Andererseits hat natürlich auch in Israel hellenistisches Gedankengut Einzug gehalten, das Auferstehung ohne Wiederherstellung des irdischen Leibes denken konnte. So erhofft Ijob bereits im spätestens 200 v. Chr. vorliegenden gleichnamigen Buch (19,25–27) die Schau Gottes außerhalb eines irdischen Leibes: Ohne meine Haut, die so zerfetzte, und ohne mein Fleisch werde ich Gott schauen. Und im zwischen 80 und 30 v. Chr. erschienenen Buch der Weisheit wird von den Seelen der Gerechten gesprochen, die in Gottes Hand sind und [die] keine Qualberühren [kann]. Sie sind in Friedenihre Hoffnung ist voll Unsterblichkeit (Weish 3,1–4). Diese Texte können ein Leben nach dem Tod ohne den irdischen Leib denken. Und auch Jesus geht unter Zustimmung eines pharisäischen Schriftgelehrten (Mk 12,28) davon aus, dass die von den Toten Auferstandenen wie Engel im Himmel sind (Mk 12,25) und nicht mehr benötigen, was einmal ihr irdischer Leib war. Darf man nach über 300 Jahren hellenistischer Beeinflussung annehmen, dass für die meisten Zeitgenossen Jesu die Frage des leeren Grabes nicht mehr relevant war? Schon gar nicht angesichts der Verkündigung einer Auferstehung, deren Ton ja nicht auf dem persönlichen Fortleben Jesu liegt, sondern darauf, dass dieser Jesus aus Nazareth der Herr und Messias (Apg 2,36) ist, [den ihr] durch die Hand von Gesetzlosen ans Kreuz geschlagen und umgebracht (Apg 2,23) habt, dass er der Sohn Gottes ist, der Kunde gebracht hat vom „Vater“, der Gottheit, deren Namen kein Zeitgenosse Jesu wagte auszusprechen.

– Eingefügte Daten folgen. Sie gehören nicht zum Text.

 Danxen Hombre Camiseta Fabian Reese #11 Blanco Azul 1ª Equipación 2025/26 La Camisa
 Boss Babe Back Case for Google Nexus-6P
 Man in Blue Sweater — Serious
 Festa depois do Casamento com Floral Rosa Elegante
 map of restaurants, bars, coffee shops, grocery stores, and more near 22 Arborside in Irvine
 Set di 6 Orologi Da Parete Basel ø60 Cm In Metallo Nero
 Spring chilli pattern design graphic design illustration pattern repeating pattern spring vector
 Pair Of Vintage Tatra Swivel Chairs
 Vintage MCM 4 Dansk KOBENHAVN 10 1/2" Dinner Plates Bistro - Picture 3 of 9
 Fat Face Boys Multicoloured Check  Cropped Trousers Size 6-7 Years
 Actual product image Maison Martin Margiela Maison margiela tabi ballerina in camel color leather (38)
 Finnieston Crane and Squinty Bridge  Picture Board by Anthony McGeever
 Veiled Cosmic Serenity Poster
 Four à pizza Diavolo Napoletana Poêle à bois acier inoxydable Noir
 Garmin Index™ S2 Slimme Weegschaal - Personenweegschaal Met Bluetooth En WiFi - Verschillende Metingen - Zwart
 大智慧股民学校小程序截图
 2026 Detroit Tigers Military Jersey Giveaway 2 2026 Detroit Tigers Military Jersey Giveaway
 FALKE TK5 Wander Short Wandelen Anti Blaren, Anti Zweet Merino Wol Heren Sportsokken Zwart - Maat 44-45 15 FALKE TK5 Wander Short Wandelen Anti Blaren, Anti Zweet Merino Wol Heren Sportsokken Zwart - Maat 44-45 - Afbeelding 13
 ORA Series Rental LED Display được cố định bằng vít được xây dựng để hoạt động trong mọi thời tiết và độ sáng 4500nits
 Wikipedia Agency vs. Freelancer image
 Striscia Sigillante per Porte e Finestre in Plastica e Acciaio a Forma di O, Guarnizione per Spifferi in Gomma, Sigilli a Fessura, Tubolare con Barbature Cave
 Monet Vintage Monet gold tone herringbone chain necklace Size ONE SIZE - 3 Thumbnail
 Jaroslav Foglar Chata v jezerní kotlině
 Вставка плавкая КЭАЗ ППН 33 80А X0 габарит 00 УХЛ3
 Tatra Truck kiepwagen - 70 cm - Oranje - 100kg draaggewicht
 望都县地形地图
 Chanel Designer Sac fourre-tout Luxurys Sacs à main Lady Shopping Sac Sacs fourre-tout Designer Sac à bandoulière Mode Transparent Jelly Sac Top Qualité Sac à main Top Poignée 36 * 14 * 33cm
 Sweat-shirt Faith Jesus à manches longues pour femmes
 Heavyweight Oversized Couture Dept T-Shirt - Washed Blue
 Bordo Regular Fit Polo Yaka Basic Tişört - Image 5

Das ist ungefähr der Stand der Diskussion. Die Frage ist nicht zu entscheiden, für mich selber und meinen Glauben ist sie nicht relevant, ein historisch leeres Grab wäre kein Gewinn. Doch hat die Botschaft vom „leeren Grab“ eine Bedeutung immer gehabt: Sie lässt aufmerken und fordert zur Auseinandersetzung heraus.

9 Weitere Belege aus der Mitte des 1. Jahrhunderts sind: Gal 1,1; 1 Kor 6,14; 15,12.15.20; 2 Kor 4,14; Röm 4,24.

10 Bei Johannes und Matthäus sind Maria Magdalena (Joh 20,11–18) bzw. diese und eine „andere Maria“ (Mt 28,9f) die ersten, denen der Auferstandene erscheint.

11 Gnilka, EKK II/2, S. 340.

12 Ebd.

13 Ex 20,18–20; Jes 6,5; Lk 1,12.29.

14 Rudolf Otto, Das Heilige.

15 GÜ 175.

16 „Quidquid recipitur per modum recipientis recipitur.“ Summa theologica I q. 12 a. 4.

17 Siehe zum Thema der Konstruktion einer Eigenwelt auch das Kapitel „Idiopolis“ in meinem Buch „Der spirituelle Weg“.